Samstag, 7. Februar 2015

Glückliche Familie Nr. 267: Die Kakao-mit-Sahne-Strategie


Ich bin jemand, der gerne betüdelt, halte seit Jahren mühsam mein Helfersyndrom unter Kontrolle und stehe ständig in der Gefahr, meine Mitmenschen einem Zwangs-Beglückungs-Programm zu unterziehen.

Bei der Kälte vielleicht eine Wärmflasche?

So ein langer Schultag! Wer will alles einen heißen Kakao mit Schlagsahne und Schoko-Streuseln?

Eine Dose Studentenfutter für die Klassenarbeit?

Ein Apfel, blank poliert, für den schwer arbeitenden Soßenkönig?

Zink-Tabletten für das Immun-System der Nachbarin?
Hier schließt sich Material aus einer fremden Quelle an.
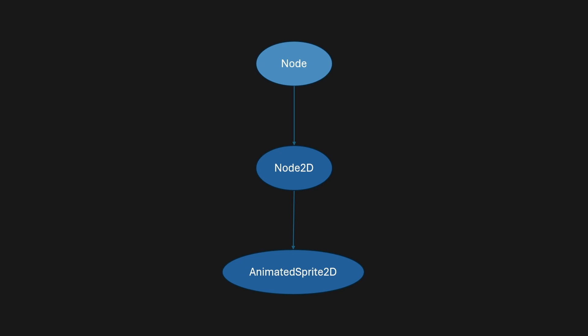So an AnimatedSprite2D can have properties that the Node2D will have. For example, it will have a Position2D and it might have additional properties like sprite frames because Node2D won't have those properties.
Marmeladen-Brote für den Elektriker?

Neulich beim Einkauf betrat eine alte Dame die Holzterrasse eines Restaurants, rutschte aus und landete direkt in meinen Armen. Wir hielten uns noch einen Moment an den Unterarmen umfasst und strahlten uns an. So ein glücklicher Moment. Aber dann sah ich im Augenwinkel, wie mein Mann und die Prinzessin die Augen verdrehten und Angst hatten, ich wollte unserer neuen Oma die Einkäufe bis Poppenbüttel tragen.

Bei den Müttern in meinem Umfeld ist Doro für mich das größte Muttertier. Man kann aus anderer Quelle wissen, dass einer von ihren zwei Jungs wieder was angestellt hat, trotzdem spricht sie mit einer Zärtlichkeit von ihnen, dass man sofort auf ihren Schoß möchte. Außerdem rettet sie kleine Katzen und füttert mit Pinzette und Pipette alles, was aus dem Nest gefallen ist.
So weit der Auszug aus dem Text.